〈手作り〉
私が昼寝から起きたとき、子Bが大量の私宛の手紙をかいてくれていて、その中の、クレヨンの重ね塗りをした絵がとても好みだった。
よく見せたい・上手く見せたいという思惑のない絵は自由で素敵だ。
前回の記事〈好きがりかた〉で、ヘラルボニーの原画が欲しいと書いた。
そうだ、無ければ作ればいい。ヘラルボニーのアーティストの方々には及ばないかもしれないけれど、子Bの絵を貰おう。
子Bにプラ板を渡し、
「この板に同じように描いてくれる?イヤリングにしたいから」
とお願いをした。
子Bは高揚しながら、ここに黒を混ぜるといいとか、青で囲うとかわいいとかお喋りをして、重ね塗りの絵をもう一度描いてくれた。
完成した絵はクレヨンを何色も使って塗り重ねたカラフルな線画だったけど、オーブントースターの熱でプラ板が縮むと、クレヨンが溶けてこんなに幻想的なものになった。
「うわあ!めっちゃいい!天の川がある!」
私は興奮し、子Bに心から感謝した。
思えば私は、小学生の頃から、好みの柄のTシャツがないと、親が買ってくれた白無地のTシャツに油性ペンで絵を描いて着ていた。
高校2年の遠足に着ていくためのTシャツを買うとき、イメージしているデザインのものがなくて困った。カリグラフィの英字とモノクロの女性のイラストがあるTシャツを探していた。
結局アイロンで接着できるシートを買って自分の好きに切り絵をして、白Tシャツに貼り付けた(↓)。
イヤリングは
「赤いのがほしい」
「カエルのがほしい」
などと思い立っては自分で描いたり、こどもに描かせたり、こちらが指定して作ってもらったりした(↓)。

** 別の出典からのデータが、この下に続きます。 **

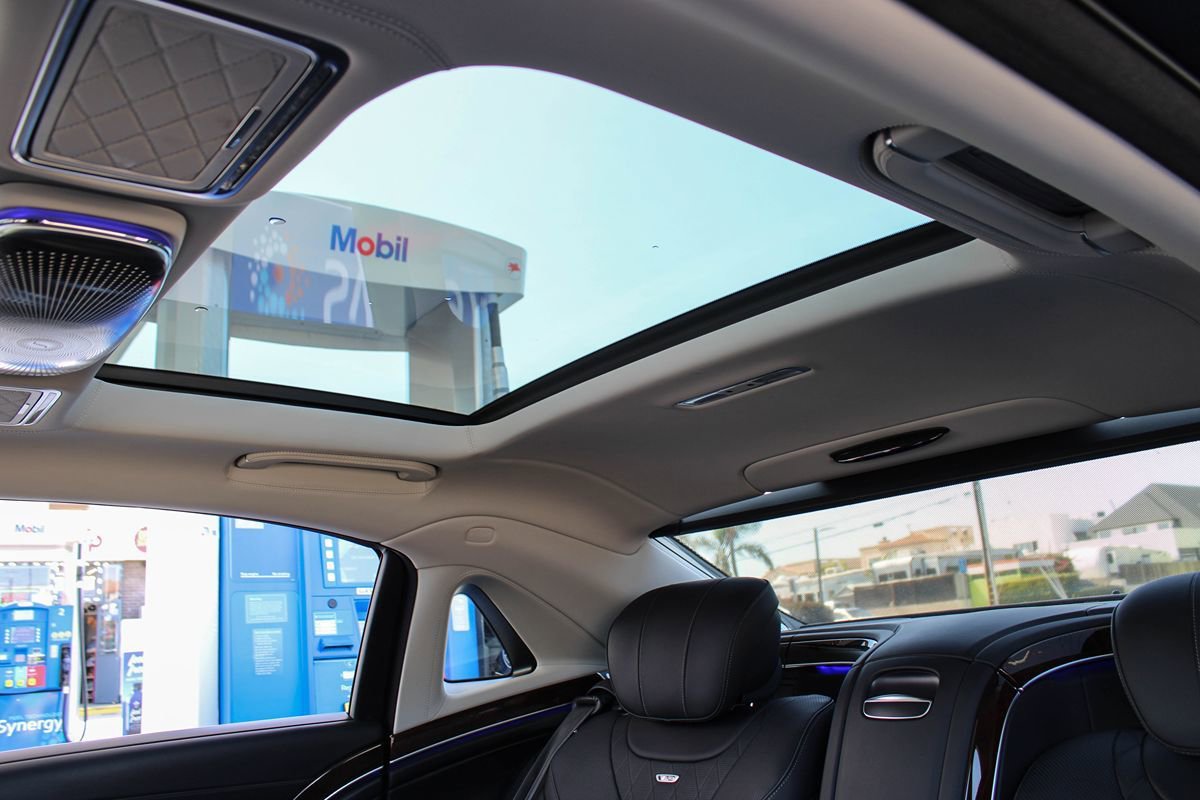 Used 2016 Mercedes-Benz Maybach S 600 image 29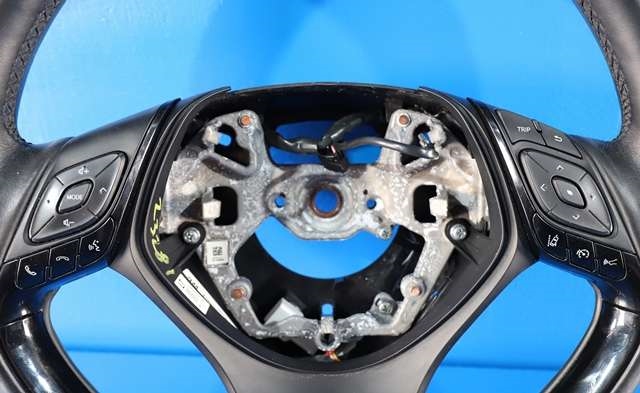 Ratt til Toyota C-HR 2016-->>  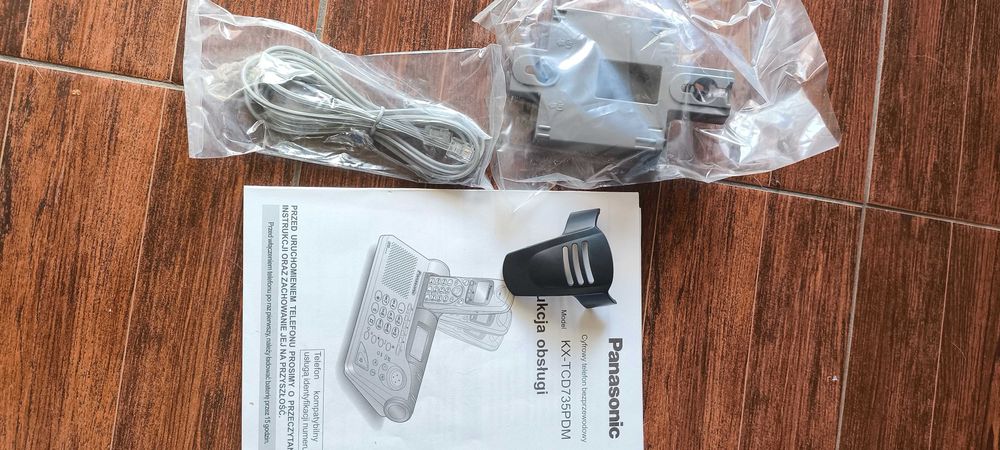 Panasonic KX-TCD735PD cyfrowy tel bezprzewodowy z automatem zgłoszenio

「明日のパンがないならお菓子を食べればいいじゃない」
これは、マリー・アントワネットが言われたとされる有名なセリフだが、これ風に言うと
「売ってなければ作ればいいじゃない」
これは、日常の、ちょっとした彩りかただ。
「寝る前に読むのは自分の本ですね。なんだかんだで自分の書いたものが一番好き」
とおっしゃっていた。
うん、なんだかんだで、自分が生み出したものは可愛い、それはわかる気がする。